If you don't have understand well the experiment that can be done i will answer you here.
Thanks Again. Your friend Gabriele
my email is gabriele.citossi@virgilio.it
P.S. I'm waiting for a Nobel :)
Just make calculations and see how unpractical such device will be ;)
The density of Water does not change very much over such a small change in temperature.
we'll take the standard situation, but similarity applies to varying altitudes and pressures....
At Sea level, and normal Atmospheric Pressure::
at 4-degrees (c) the density of water is: 1 gram per cubic centimeter.
at 0-degrees (c) the density of water is : 0.99987 grams per cubic centimeter.
or if you prefer the Standard conversion, it amounts to a difference of about 0.008 pounds per cubic foot.
or in terms of liquid-volume, a difference of: 0.000192 kilograms per liter.

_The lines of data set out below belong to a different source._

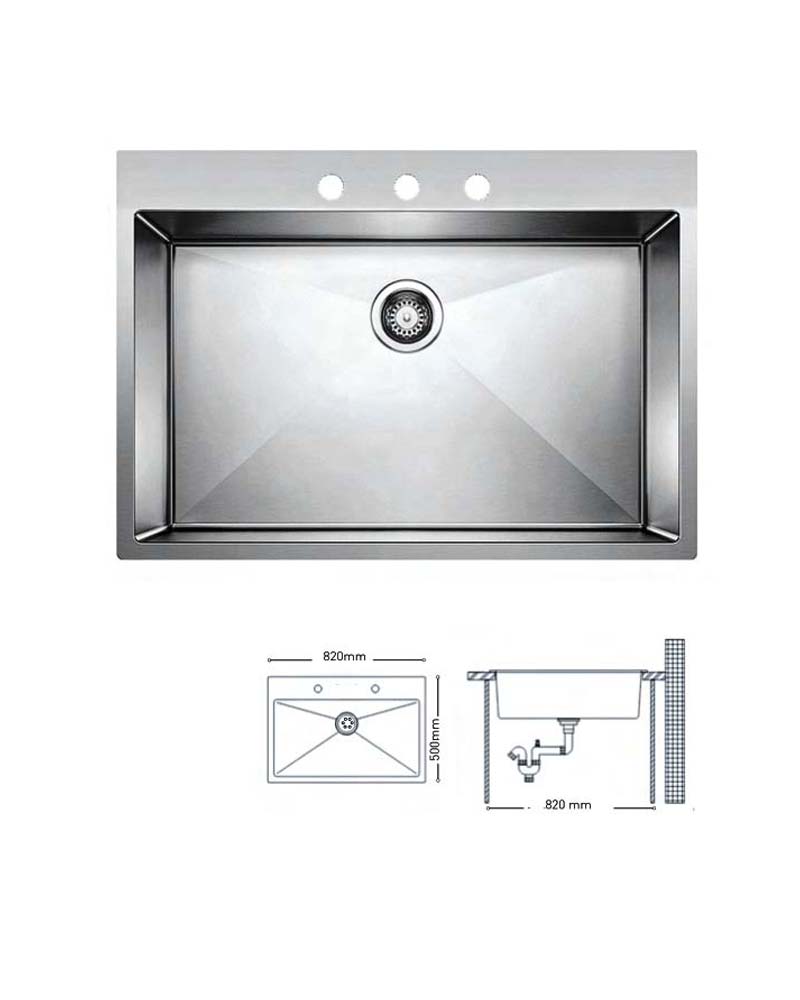 H002 HANDMADE SERIES SINGLE BOWL KITCHEN SINK 820x500mm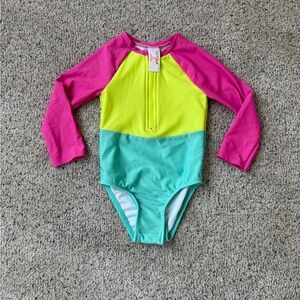 Cat & Jack Pink, Yellow, and Teal Kids Swim One Piece
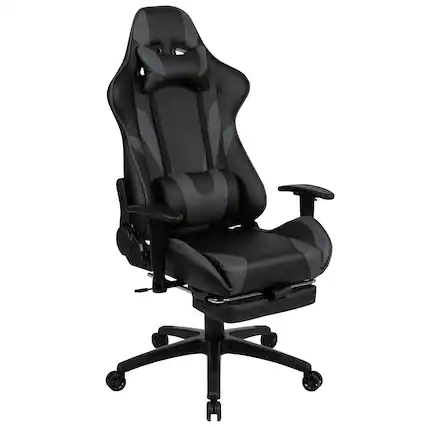Front. Flash Furniture - X30 Gaming Chair Racing Office Ergonomic Computer Chair with Reclining Back and Slide-Out Footrest in Gray LeatherSoft - Gray.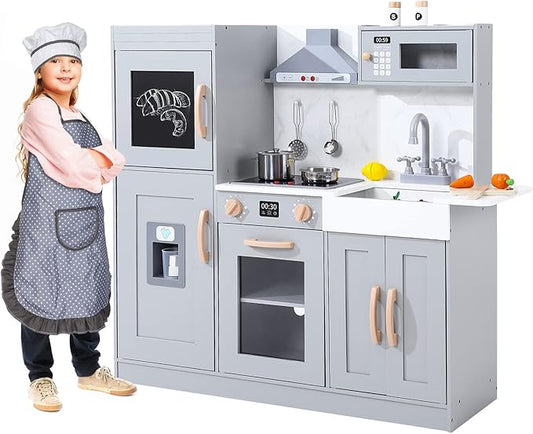 Kids Kitchen Playset,Wooden Play Kitchen Playset with Ice Maker Microwave,Oven and Other Accessories,Chef Pretend Play for Toddlers with Real Lights & Sound,Toy Gift for Boys Girls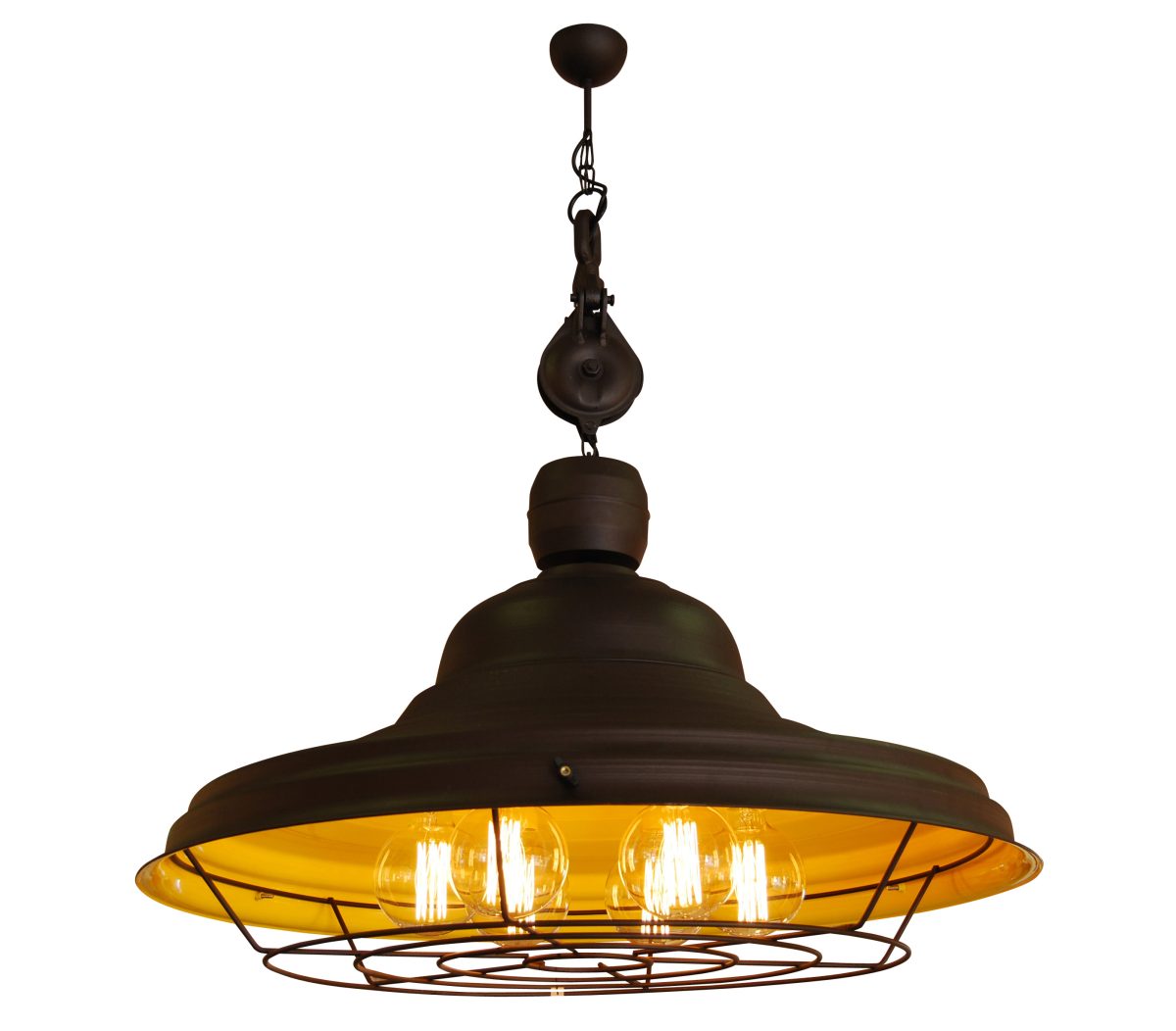 Home Lighting HL-300W-6P DRONE BROWN RUSTY & YELLOW PENDANT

you would need a LOT of water to make a very small difference in density.
Energy of a volume of liquid applies to the ENTIRE VOLUME of liquid, not just the temperature itself.
therefore, the more you increase the volume, the more energy is required to change the temperature of that volume of water.
The British Thermal Unit describes the amount of energy required to heat 1 pound of water by 1 degree (f) as: 1059 Joules
two pounds of water requires twice this amount of energy to heat.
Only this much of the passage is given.